A magnificent shepherd

Some of us senior citizens live in the glow of the days of that great shepherd of the church, good Pope John XXIII.  He was born poor in 1881 in a little Italian village called Bergamo Sotto il Monte (Bergamo at the Foot of the Mountain) and was baptized Angelo Giuseppe Roncalli.  Though he was born at the foot of the mountain, he made it to the top. On Oct. 28, 1958, the College of Cardinals elected him to the throne of Peter, and he took the name of John XXIII. On the day of his coronation (they crowned popes in those days), Nov. 4, 1958, against all tradition he rose to deliver the homily. “Different people,” he said, “have different ideas about what the new pope should be. Some think he should be a good diplomat or a great scholar or a well-liked statesman. The new pope," John said, "has in mind the example of the Jesus the Good Shepherd who came not to be served but to serve.”  The very next day he put his money where his mouth was. He sped out through elaborate Vatican gates to visit aging priests in nursing homes.

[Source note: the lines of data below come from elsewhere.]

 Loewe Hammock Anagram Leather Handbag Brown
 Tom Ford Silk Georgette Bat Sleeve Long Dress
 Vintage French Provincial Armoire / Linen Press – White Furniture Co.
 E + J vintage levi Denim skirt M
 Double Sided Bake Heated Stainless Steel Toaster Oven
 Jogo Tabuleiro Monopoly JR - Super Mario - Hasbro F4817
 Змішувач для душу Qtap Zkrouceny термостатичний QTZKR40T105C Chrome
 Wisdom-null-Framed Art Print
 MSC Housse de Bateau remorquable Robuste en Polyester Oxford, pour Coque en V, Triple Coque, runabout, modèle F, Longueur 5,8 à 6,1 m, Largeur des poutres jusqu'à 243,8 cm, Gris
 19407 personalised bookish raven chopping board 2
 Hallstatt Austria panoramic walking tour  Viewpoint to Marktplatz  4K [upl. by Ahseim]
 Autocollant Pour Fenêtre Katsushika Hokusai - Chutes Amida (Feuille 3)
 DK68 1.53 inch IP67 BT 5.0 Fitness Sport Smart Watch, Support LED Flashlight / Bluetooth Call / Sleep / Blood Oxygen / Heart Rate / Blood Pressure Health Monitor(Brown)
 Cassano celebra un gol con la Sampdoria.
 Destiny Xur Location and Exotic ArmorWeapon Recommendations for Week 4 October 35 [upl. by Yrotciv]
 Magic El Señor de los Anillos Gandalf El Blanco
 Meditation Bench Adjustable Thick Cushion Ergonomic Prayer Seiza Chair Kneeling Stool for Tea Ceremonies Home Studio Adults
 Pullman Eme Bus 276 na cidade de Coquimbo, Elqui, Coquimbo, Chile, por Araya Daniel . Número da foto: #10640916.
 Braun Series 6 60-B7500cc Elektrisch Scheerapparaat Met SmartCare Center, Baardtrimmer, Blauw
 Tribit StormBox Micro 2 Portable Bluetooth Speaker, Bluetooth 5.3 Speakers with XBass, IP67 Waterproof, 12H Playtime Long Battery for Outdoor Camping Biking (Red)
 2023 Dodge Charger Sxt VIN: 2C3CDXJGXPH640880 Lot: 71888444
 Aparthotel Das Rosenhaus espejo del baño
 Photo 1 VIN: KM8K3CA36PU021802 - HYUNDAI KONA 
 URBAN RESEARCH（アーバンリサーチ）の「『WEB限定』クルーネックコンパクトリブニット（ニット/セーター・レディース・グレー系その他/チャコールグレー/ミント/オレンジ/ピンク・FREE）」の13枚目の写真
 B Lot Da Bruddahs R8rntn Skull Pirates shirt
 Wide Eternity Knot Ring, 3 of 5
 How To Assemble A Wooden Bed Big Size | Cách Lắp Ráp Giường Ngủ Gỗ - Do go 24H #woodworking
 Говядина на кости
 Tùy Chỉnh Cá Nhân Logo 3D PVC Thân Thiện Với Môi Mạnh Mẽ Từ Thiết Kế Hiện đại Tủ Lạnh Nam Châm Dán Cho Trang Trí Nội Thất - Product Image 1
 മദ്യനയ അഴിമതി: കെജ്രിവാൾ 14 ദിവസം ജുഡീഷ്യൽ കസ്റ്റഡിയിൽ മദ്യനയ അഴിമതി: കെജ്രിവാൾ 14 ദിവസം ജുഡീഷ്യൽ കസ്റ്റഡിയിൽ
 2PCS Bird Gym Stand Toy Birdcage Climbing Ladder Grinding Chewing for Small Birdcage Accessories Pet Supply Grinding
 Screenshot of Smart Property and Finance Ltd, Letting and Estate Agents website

He visited prisoners in a Roman jail, because his Lord said, “I was in prisoner and you visited me” (Mt 25:36).

 

That great shepherd led the church as it had never been led for a very long time.  He walked up front of us, and we, the church, ran enthusiastically after him. It was an exhilarating period in our Catholic lives.

 

That great shepherd also fed the church as it had never been fed for a very long time. He fed us with new bread baked at Vatican II (his great gift to us), and he invited us to become new wineskins to receive the Council’s new wine (Mk 2:22).

 

 

 

 



[1] Diaspora is a Greek word meaning dispersion. Originally it referred to the settling of scattered colonies of Jews outside Palestine after the Babylonian exile. It’s now come to mean the migration or scattering of a people away from an established or ancestral homeland or parish!

[2] By “the unchurched” is especially meant not those who have left the church but those whom the church has left!

 

[3] The Latin word for shepherd is pastor, and it comes from the Latin verb pascor which means to feed as one feeds livestock.